# WHAT TO WORK ON
All that is needed is an exact copy of the lines from the beginning of the data below through the line containing "Alessandra Rich платье миди в горох, желтый", minus the pictures.
== THE DATA
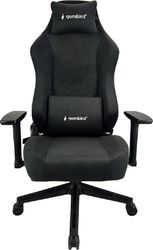 gembird gaming chair with back and neck pillows black gc 02 bl photo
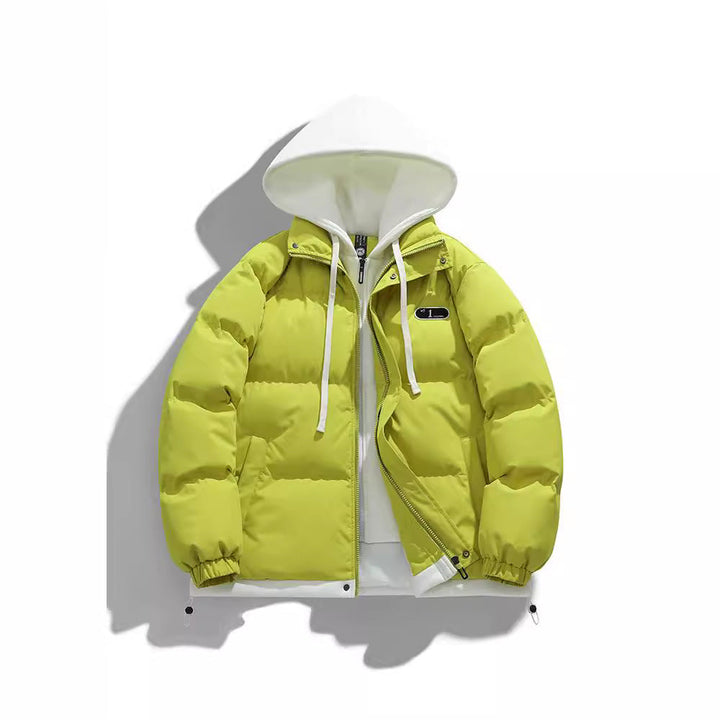Herr Two-lager quiltad Jacka med Avtagbar Fleece Huva och Värmande Isolering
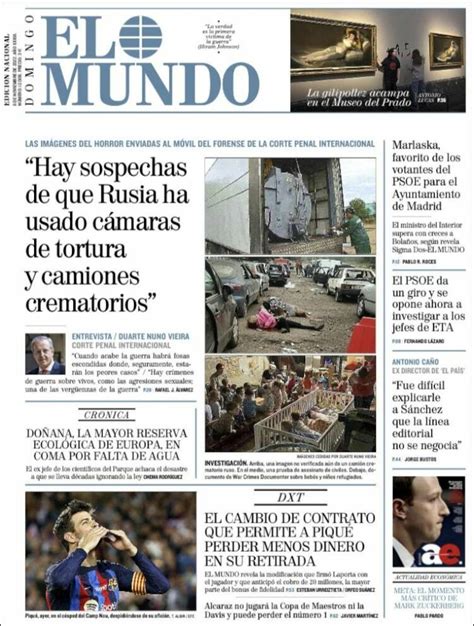 Portada Del Diario El Mundo Del Día 6112022 News Europa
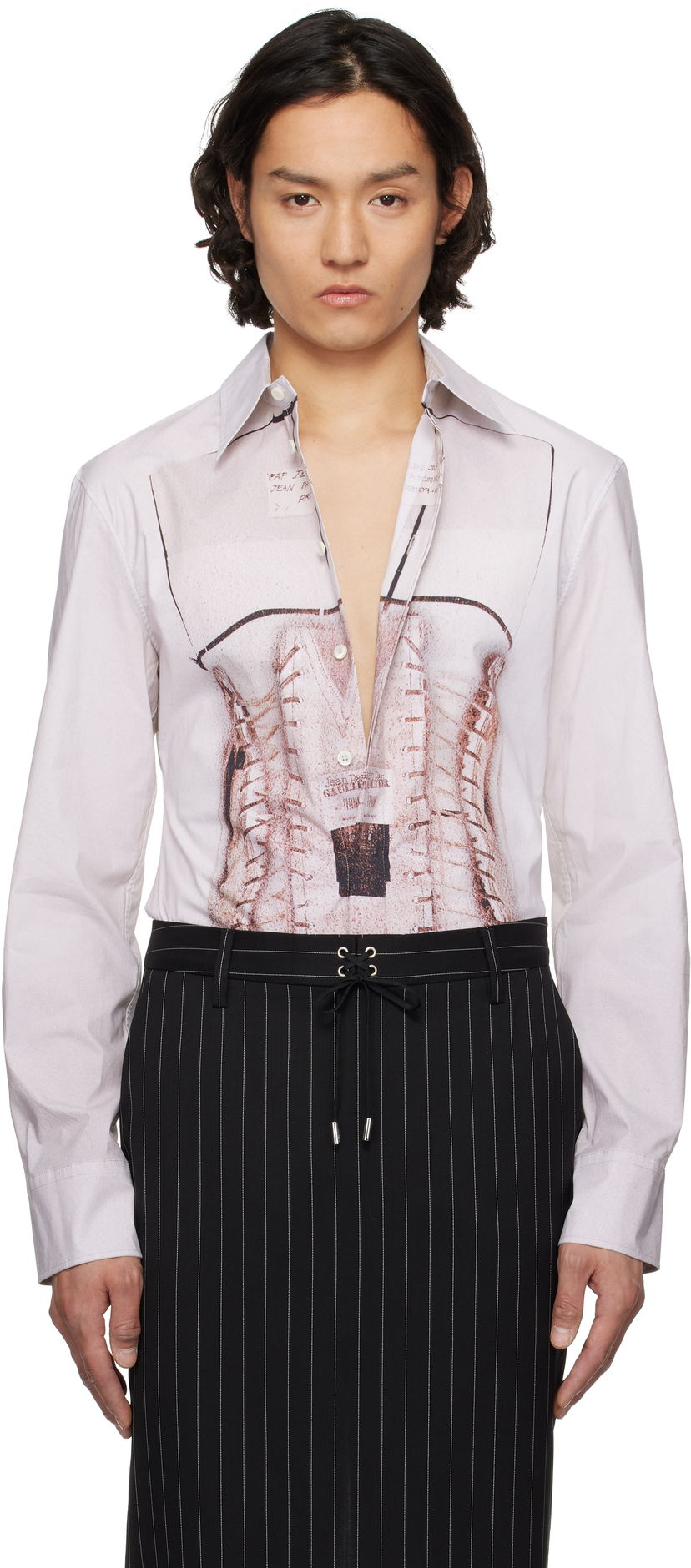 Skjorta Jean Paul Gaultier Jean Paul Gaultier Trompe-L'Œil Corset Print Shirt Vit | 25/34-F-CH096-C071-260100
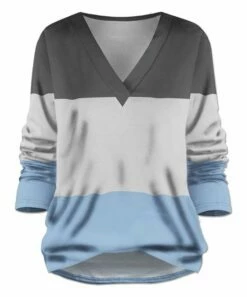 Cheapest ๐ UDEAR Light Gray & Dark Gray Color Block V-Neck Top - ๐ฉ Women & Plus ๐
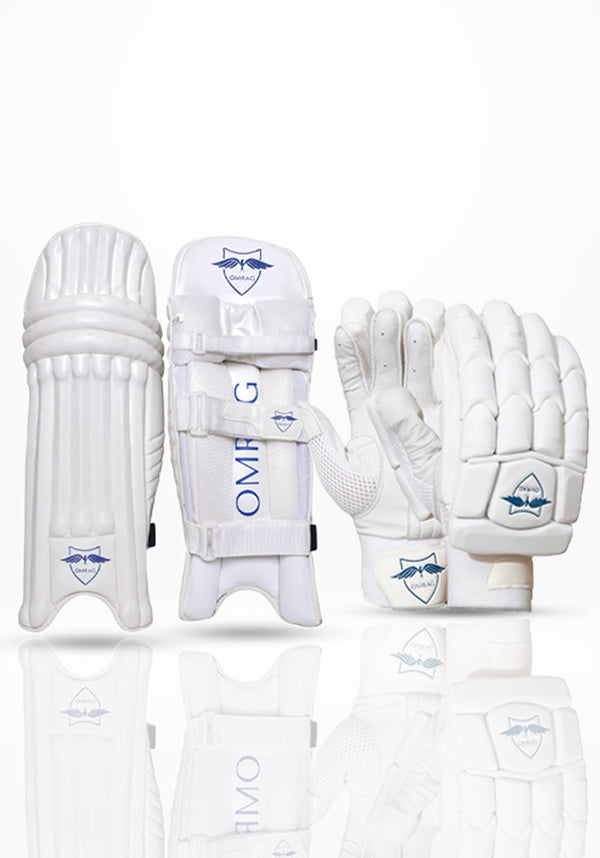 OMRAG - Cricket Bundle Batting Gloves Pads Adult Men Right Hand Blue Classic Edition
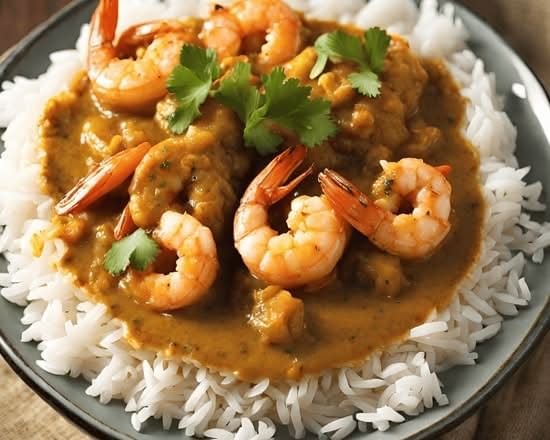 Shrimp Curry Over Rice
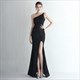 Long One Shoulder Sequin Overlay Split Front Prom Dress
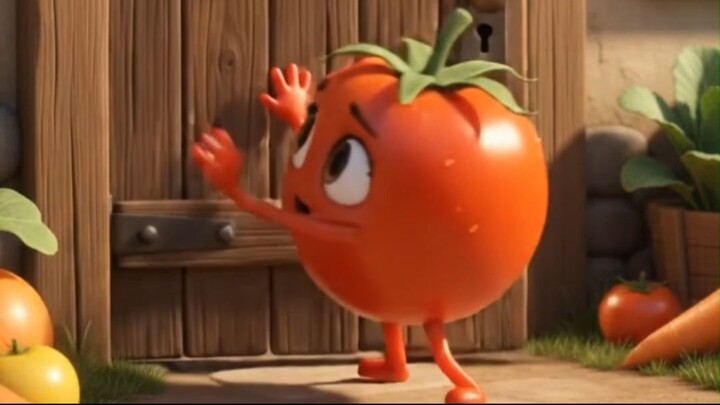 Tiny Tomato Was Trapped Behind the Door… Then Potato Came 🥔🍅
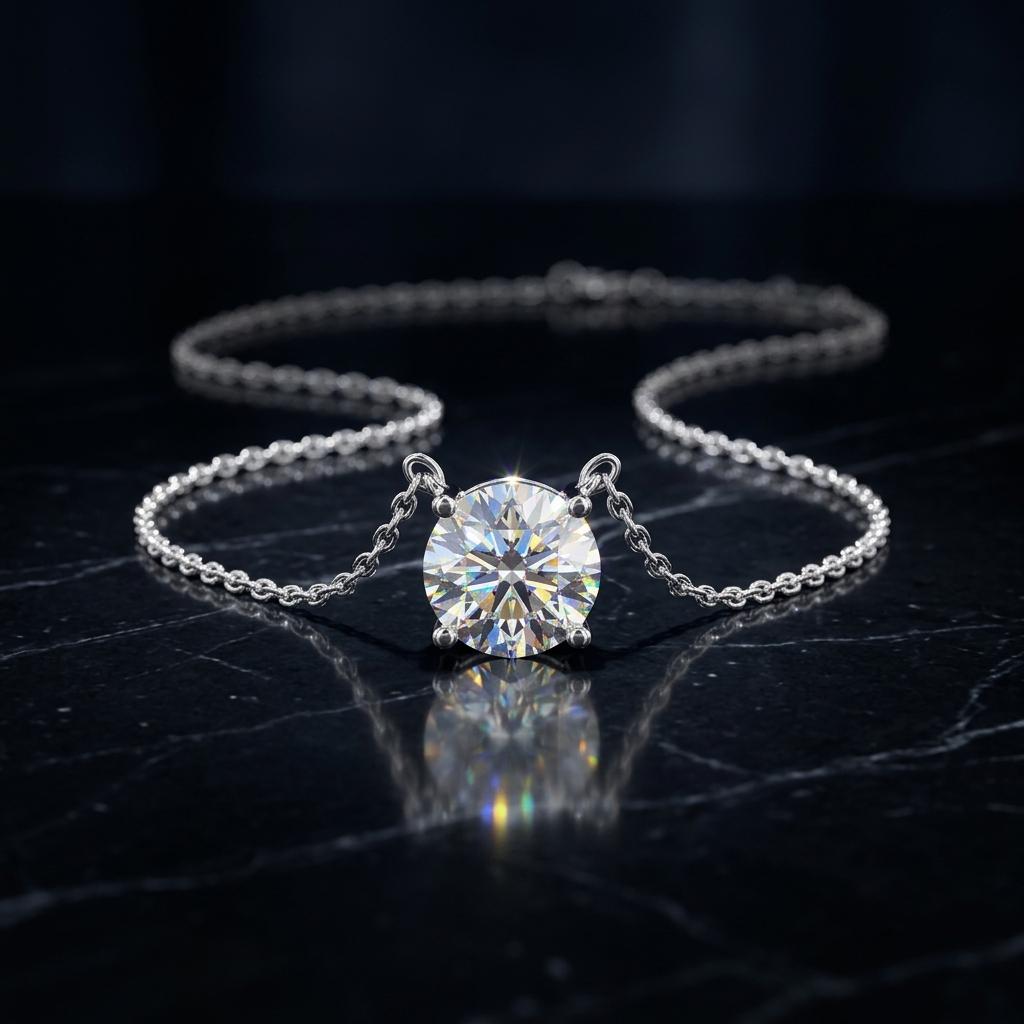 Round Moissanite Pendant Necklace, 925 Sterling Silver Chain, Dainty Everyday Jewelry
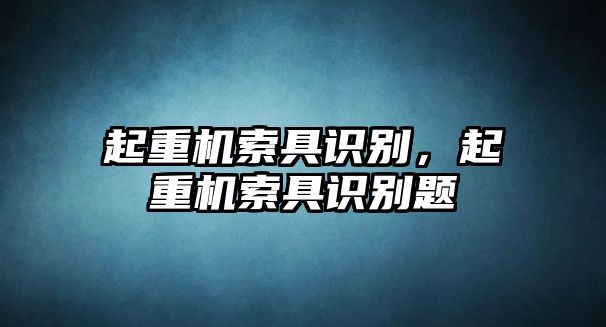 起重機(jī)索具識(shí)別，起重機(jī)索具識(shí)別題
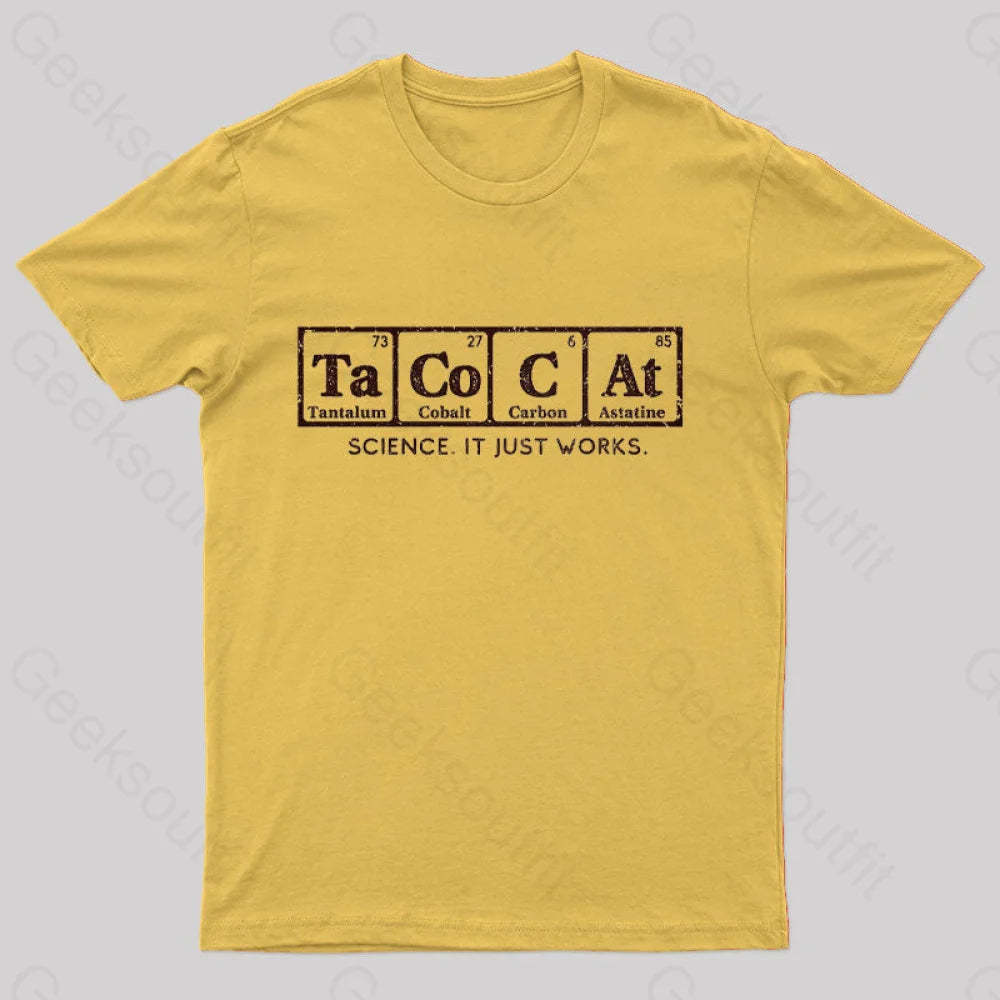 Tacocat Science It Just Works T-Shirt Yellow / S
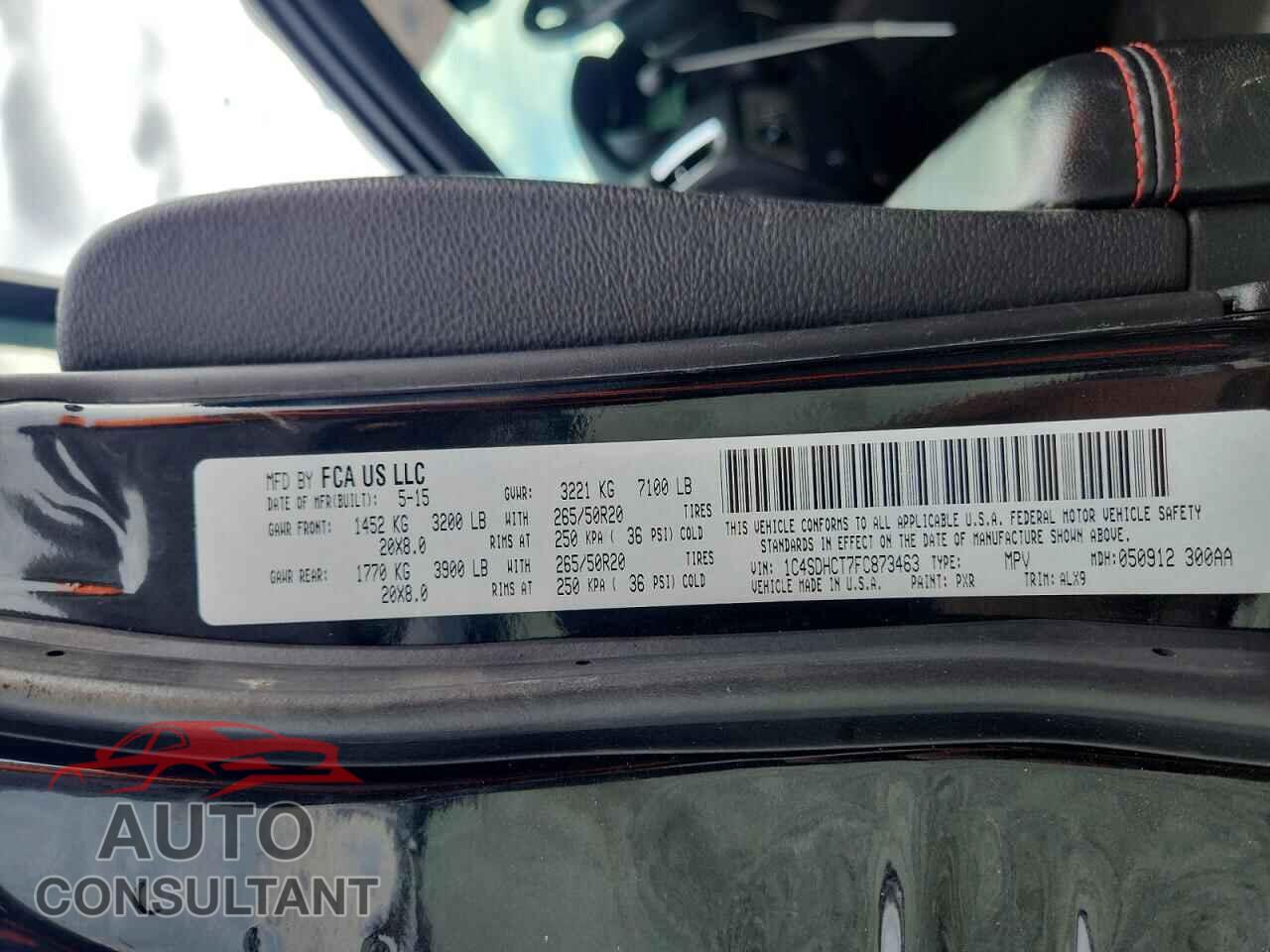 DODGE DURANGO 2015 - 1C4SDHCT7FC873463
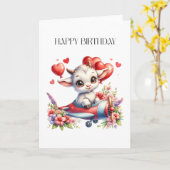 Carte Anniversaire de Pilote Chèvre (Fleur jaune)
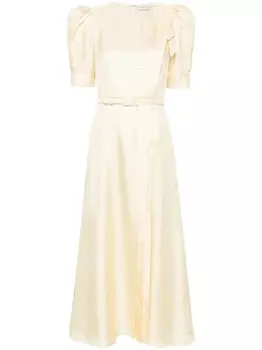 Alessandra Rich платье миди в горох, желтый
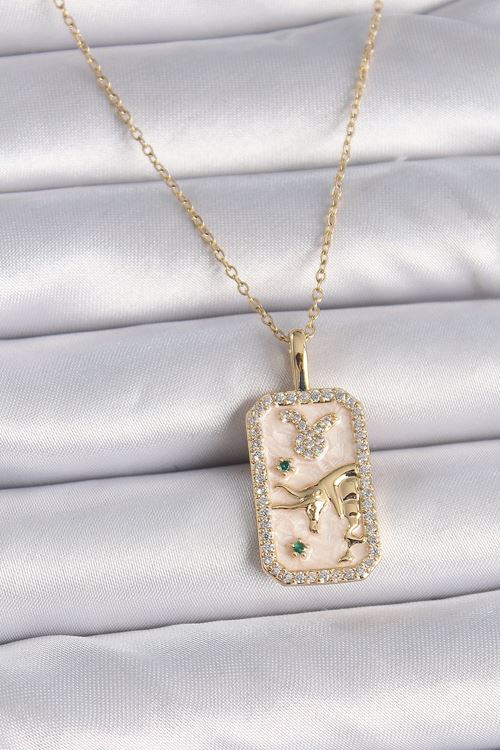 YRTCL 316L Çelik Gold Renk Zincir Boğa Burcu Zirkon Taşlı Kadın Kolye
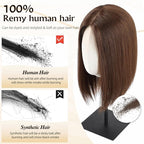 MONO TOP Hair Toppers for Women Human Hair 12 Inch 7"×8" Big Base Partial wig Cover Thinning Hair or Loss No Bangs Top Hair Pieces Natural Wiglets (Brown)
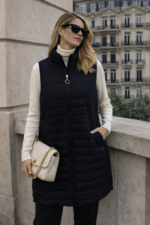 Uzun Kapitone Siyah Şişme Yelek - Görsel 2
====
# RESULT FOR THIS EXERCISE
 gembird gaming chair with back and neck pillows black gc 02 bl photo
Herr Two-lager quiltad Jacka med Avtagbar Fleece Huva och Värmande Isolering
 Portada Del Diario El Mundo Del Día 6112022 News Europa
 Skjorta Jean Paul Gaultier Jean Paul Gaultier Trompe-L'Œil Corset Print Shirt Vit | 25/34-F-CH096-C071-260100
 Cheapest ๐ UDEAR Light Gray & Dark Gray Color Block V-Neck Top - ๐ฉ Women & Plus ๐
 OMRAG - Cricket Bundle Batting Gloves Pads Adult Men Right Hand Blue Classic Edition
 Shrimp Curry Over Rice
 Long One Shoulder Sequin Overlay Split Front Prom Dress
 Tiny Tomato Was Trapped Behind the Door… Then Potato Came 🥔🍅
 Round Moissanite Pendant Necklace, 925 Sterling Silver Chain, Dainty Everyday Jewelry
 起重機(jī)索具識(shí)別，起重機(jī)索具識(shí)別題
 Tacocat Science It Just Works T-Shirt Yellow / S
 DODGE DURANGO 2015 - 1C4SDHCT7FC873463
 Carte Anniversaire de Pilote Chèvre (Fleur jaune)
 Alessandra Rich платье миди в горох, желтый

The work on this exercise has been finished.